Being early career academics ourselves, the organizers felt strongly that the conference should be accessible to academics at all career stages. The conference expenses were substantially covered by generous support from the John Fell Fund and University College. Thanks to additional assistance from Oxford Medieval Studies and the Society for the Study of Medieval Languages and Literature, we were able to offer a total of 12 bursaries to graduate students and early career academics without research allowances. We are grateful to Oxford Medieval Studies, and to all of the various institutions, societies, and individuals that contributed to the tremendous success of the conference. Moving forward, we are currently speaking to publishers regarding a collection of essays built around the theme for the conference. We hope to publish this in the near future, providing a lasting legacy for a thoroughly enjoyable and productive conference.

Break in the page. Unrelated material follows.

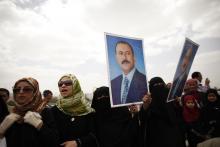 Supporters of Yemen's former President Ali Abdullah Saleh hold posters of Saleh outside the al-Saleh mosque after weekly Friday prayers in Sanaa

Report on the Medieval Intersectionality Workshop

By Rachel Moss

This blog post was originally posted on the 3 April on this website.

A little while ago now (15 March), I went to a one day workshop titled Medieval Intersectionality, pulled together by Amanda Power and Robin Whelan. It was a day to bring scholars across Oxford together to consider:

…ways that we might examine the multiple and complex interactions of…identities, experiences and labels, and how they shed light on the societies in which medieval people lived. … How can it [intersectionality] enrich our research? What has the prospect of deeper histories of intersectional oppression, resistance and power relations to offer those working in more contemporary fields? Given the concept’s roots in fighting discrimination and inequality, what are its broader implications for Medieval Studies as a discipline?

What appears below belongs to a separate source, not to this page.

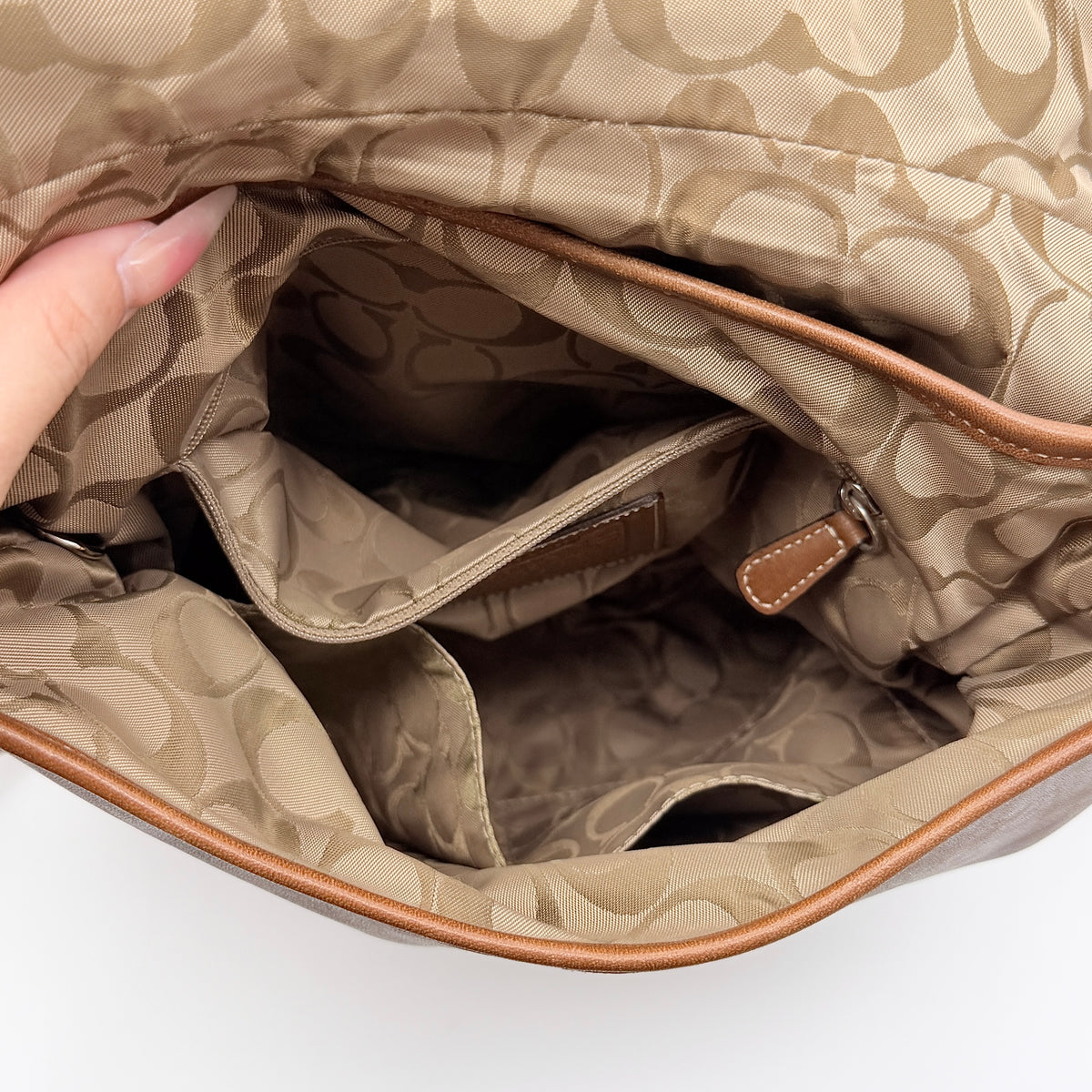 Coach Soho Buckle Flap Crossbody Bag in brown leather with buckle flap and adjustable strap, displayed on white background.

The day was framed around two sessions, each with a handful of short (10 minute) papers, and plenty of time for discussion. This worked very well as a model, and there was lots of fruitful conversation. The papers ranged in theme/period from late Roman Africa to my own paper on late medieval England. The two papers I enjoyed most were Philippa Byrne’s “Lucaera Saracenorum: building urban identity in the persecuting society” and Azfar bin Anwar’s “Intersectionality of identities in medieval Islamic biographical dictionaries”, both of which did the magic triangle thing of (1) introducing me to new sources while (2) asking the kind of questions I like to ask of my sources, and (3) talking about places or people often neglected by Western medieval studies. Philippa’s discussion of the forced settlement of 20,000 Muslims in the Sicilian city of Lucera made me think a lot about boundaries and identities, particularly in the current climate of refugee-phobia, and Azfar’s paper on the homoerotic and homosocial potential of Islamic biographies gave a fascinating insight into the creative opportunities offered by a genre of literature I know nothing about.

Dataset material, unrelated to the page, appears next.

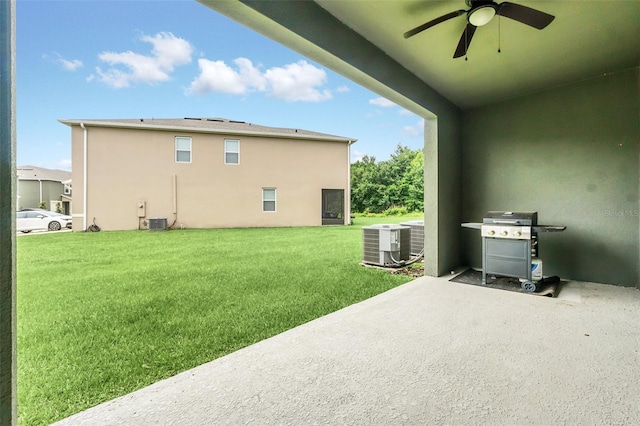1401 Yellow Finch Dr, Davenport, FL 33837 - view of green lawn with ceiling fan, a patio, and central air condition unit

Days like this are so important – though as I said during one of the question sessions, it’s all very well bringing academics together and making them think outside their neat little specialised boxes, but that only has a chance of greater impact if we think more broadly about decolonising medieval studies.The room full of people who assembled in Oxford that day were largely – though not entirely! – white Westerners. Engaging with a global middle ages also means engaging with global medievalists, both in our scholarship and in our teaching. This is not just an intellectual issue, where we earnestly discuss what we can do to make medieval studies more inclusive. White nationalism is on the rise and is co-opting our field. As Dorothy Kim forcefully argues, white medievalists have a responsibility to clean up our field and to make it clear that racism, misogyny and ableism have no place here. This is not work that should just be left to minorities.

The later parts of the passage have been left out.